When, every spring, Munich's premier delicatessen store announces an evening of elite wines (and snacks), who am I not to get in line, this time very pleased to be accompanied by Wine Rambler tasting associates Benita and Conny (the latter also photographer for this piece). In last year's report, we walked you through the different wineries' collections in some detail, but I also threatened that I would have a few more general thoughts on the concept of Winzerelite (elite of the winemakers) that Dallmayr has adopted. Why does this make me so deeply uneasy, when it seems so straightforward: The elite is formed by the very best, and who the best are can be established in regular tastings, by journalists, fine wine merchants, and wine guides.

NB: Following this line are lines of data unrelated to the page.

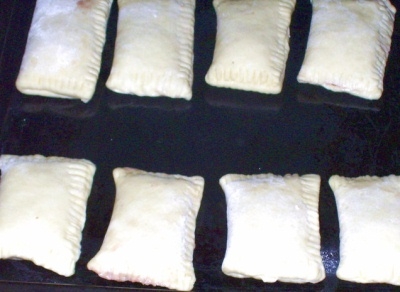 перекладаємо слойки на деко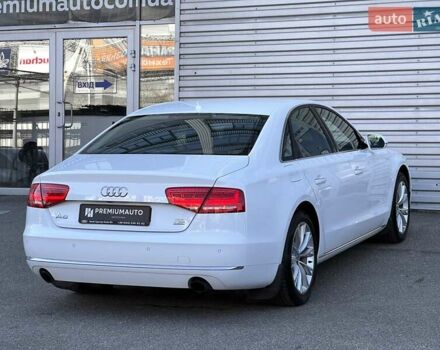 Белый Ауди А8, объемом двигателя 4.16 л и пробегом 114 тыс. км за 19900 $, фото 11 на Automoto.ua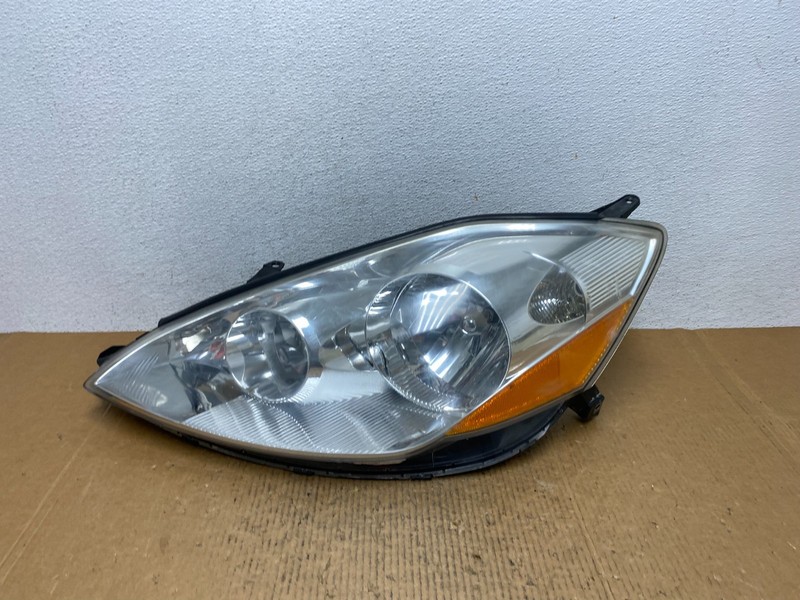 2006 to 2010 Toyota Sienna Left Driver Lh Side Headlight Halogen AE1406 DW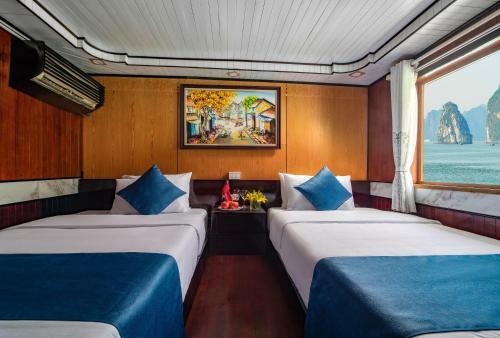 Halong Golden Bay Legend Cruise
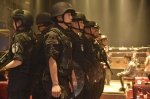 图为：特警队员在一家娱乐场所内集结。吴兴警方供图 - 浙江新闻网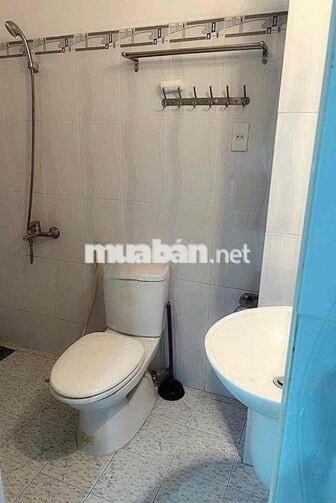 Cho thuê nhà nguyên căn Đường Thích Quảng Đức Quận PN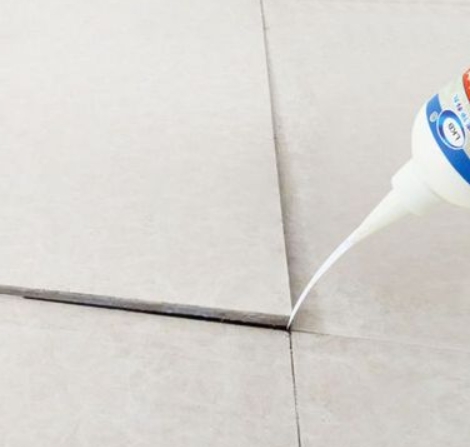 玄武瓷砖空鼓维修公司分享卫生间瓷砖脱落的原因可能有以下几点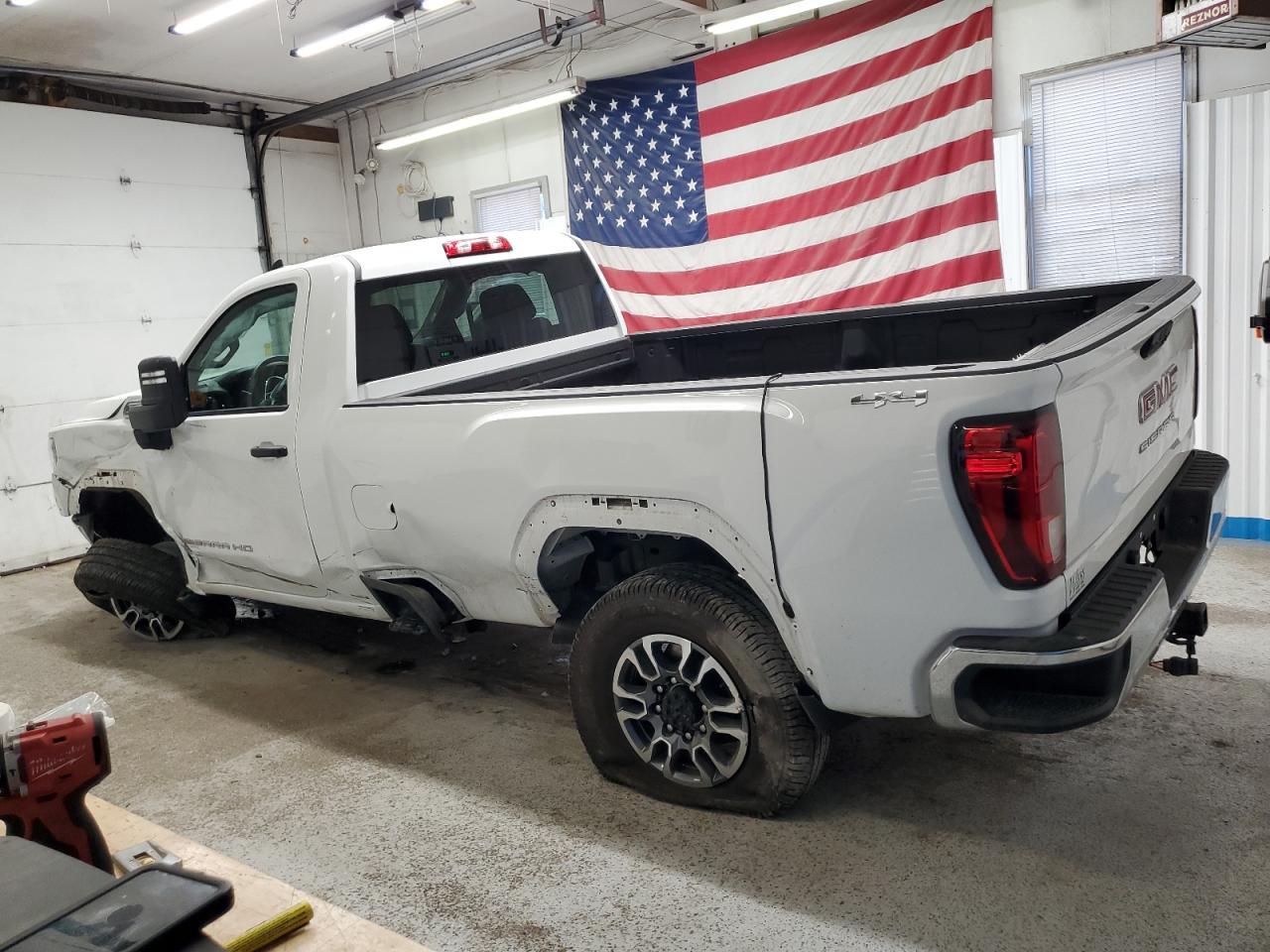 2024 GMC Sierra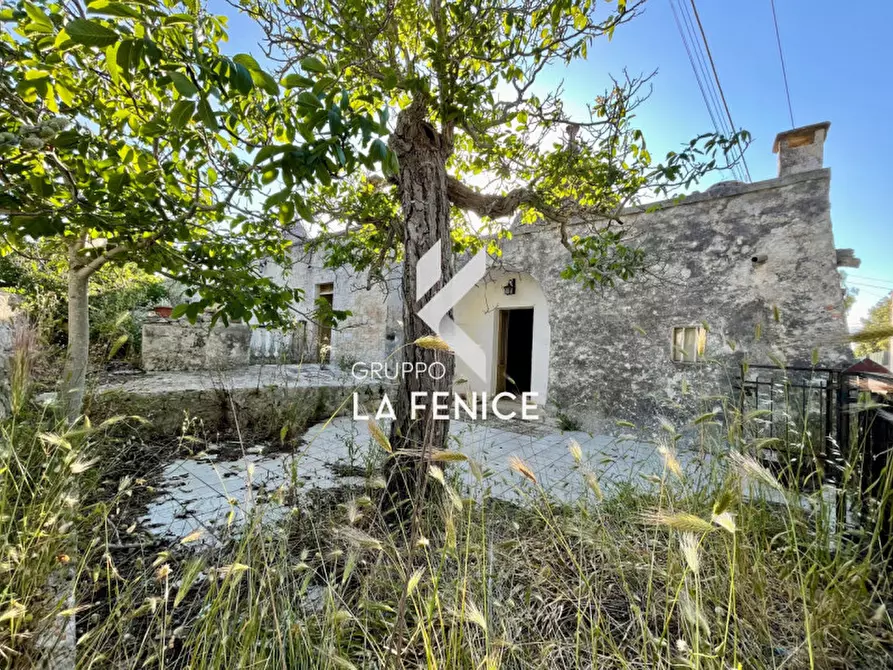 Immagine 78 di Rustico / casale in vendita  in viale delle ginestre a Locorotondo
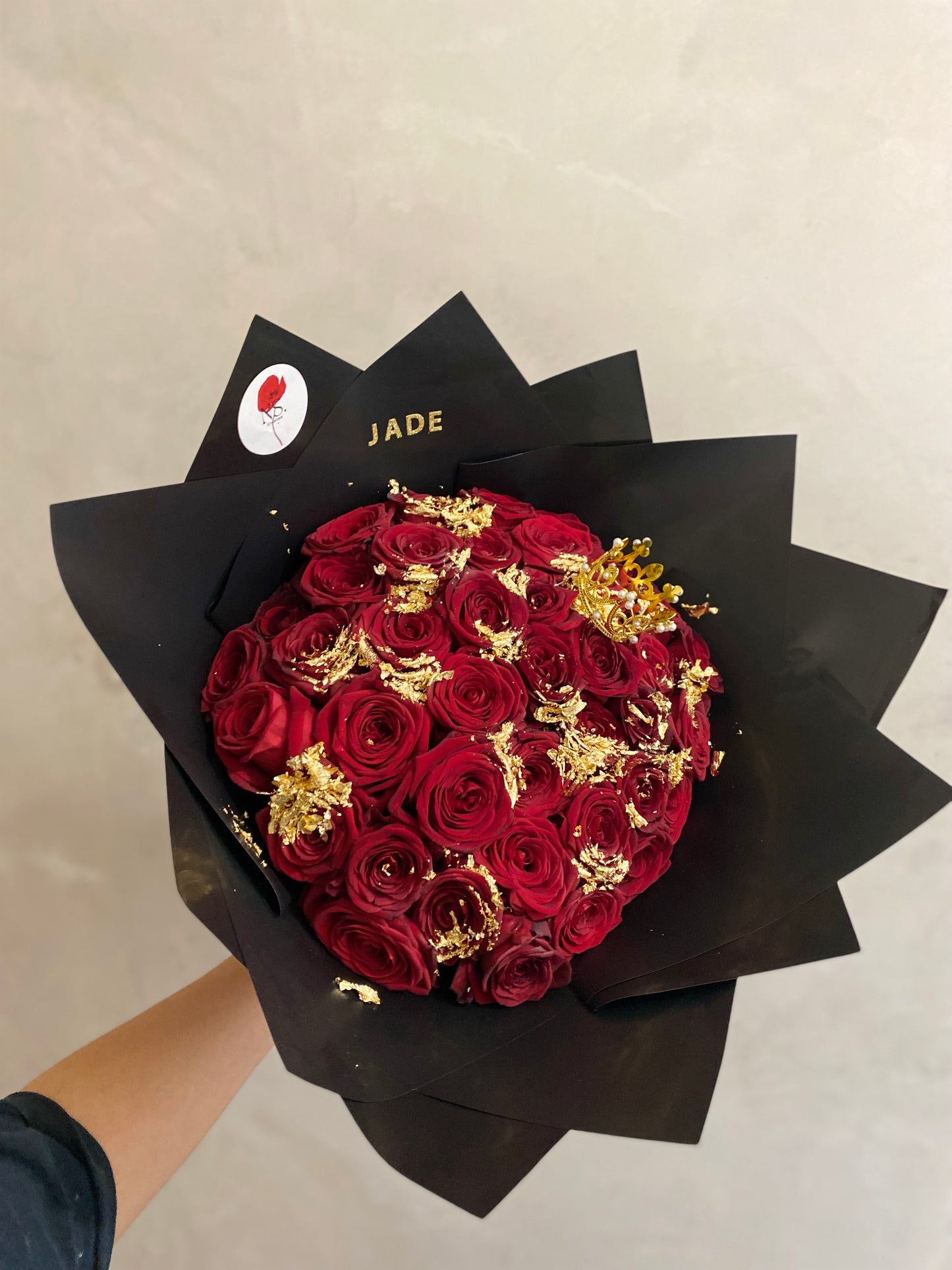 Bouquet de roses rouge à personnaliser avec feuille d or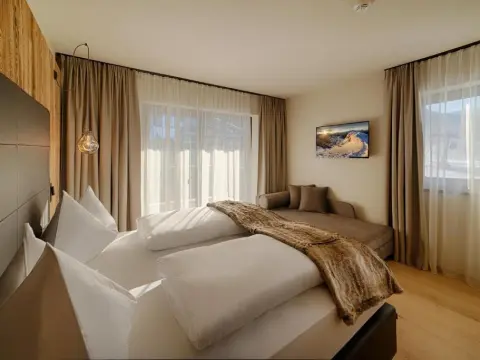 K1 Mountain Chalet Luxury Home - Photo 2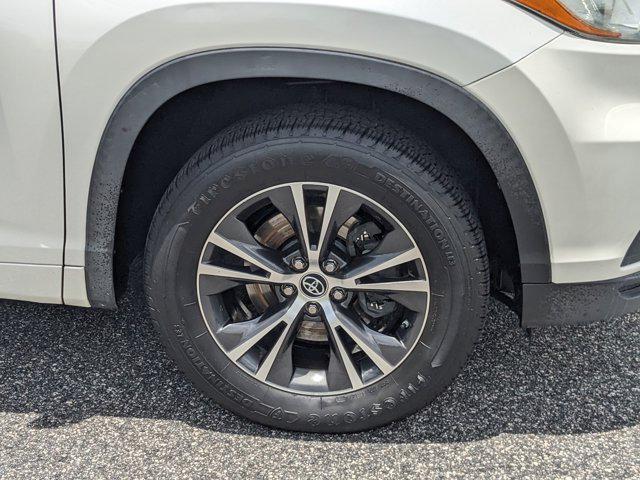 used 2016 Toyota Highlander car, priced at $15,604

Together, they form an elite of sorts, as would athletes, or writers, or scientist or musicians.
The great German social theorist Niklas Luhmann famously proposed that we organize our world in systems, such as love, business, political power and jurisdiction. When they get mixed up, when we try to buy love, or put pressure on a judge, or bribe a politician, our social world is bent out of shape and balance. And here's the problem: Invariably, they get mixed up. So it goes with the idea of an elite.
Is this really about what's in the glasses, or is this about selling an image of exclusiveness, of refinement, to those who think of themselves as a social elite, the high society that, from the look of their fur coats and evening dresses, is increasingly crowding these tastings?
When the recent rise of German wine is discussed, and merchants keep reminding us how high-end Rieslings were once more expensive than any Bordeaux or Burgundy, I wonder if this doesn't also play on a feeling of nostalgia for a time when good money could buy you such rarefied fine stuff (and the working classes knew their place, and could not dream of affording any). Do you want to have this heady mixture of soft-pornographic landscape photography, upper middle class interiors and reminiscences of Victorian /imperial German glory distilled into one slide show? Here you go. There is nothing remotely reproachable about this, it's just that it rubs me the wrong way. But maybe it's me. Here endeth the rant.
And here begin three very short random observations on the tasting: We need to start with the Ziereisen winery, because if Dallmayr wanted an evening of fine wine pretentiousness, they should never ever have invited Hans-Peter and Edeltraud Ziereisen. Depend upon the first couple of German avant-garde Pinot Noir to bring it down to earth with unrestrained chatting (it helps if you can understand the rather extreme dialect of the German south west). The 2009 Pinots they poured were just as expected: Quicksilvery, electric, straight, demanding. The 2007 high-end "Jaspis": Simply a world class Pinot by any standard. There were other great Pinots at the tasting, but my heart belongs to those. They are elite, if there is such a thing.
There is always a danger that you will hang around the Ziereisen table all evening, so we tore ourselves away, and found something else to occupy our minds and titillate our palates: A new grape variety. New to us, that is: Roter Veltliner. Named for the reddish grape skins, this close, but neglected relation of the much more famous Grüner Veltliner. Only some 200 hectares are planted, and those are exclusively in Austria. One of the wineries that have specialised in those rich and spicy whites is Söllner, based in the Wagram Region between the Wachau and Vienna. I confess I had neglected them so far as well. But I liked both their lighter Roter Veltliner "Sonnseit'n" and the surprisingly rich and substantial "Berg Eisenhut". Recommended in cases where you would otherwise go for unoaked Chardonnay or (if you're German and know your stuff) a good dry Silvaner Spätlese.
Finally, I would like to single out for particular praise one of the nicest value-priced German Sparklers I've ever tasted (and value-priced is about the last combination of words I would have readily associated with either Dallmayr or this tasting), Sektmanufaktur Graf's Cuvée blanc Brut: Creamy, fruity, fresh and thoroughly enjoyable. Christof Graf heads the sales department of Reichsrat von Buhl, a large and well-known Pfalz winery in his day job. Elite or not? Who gives a toss?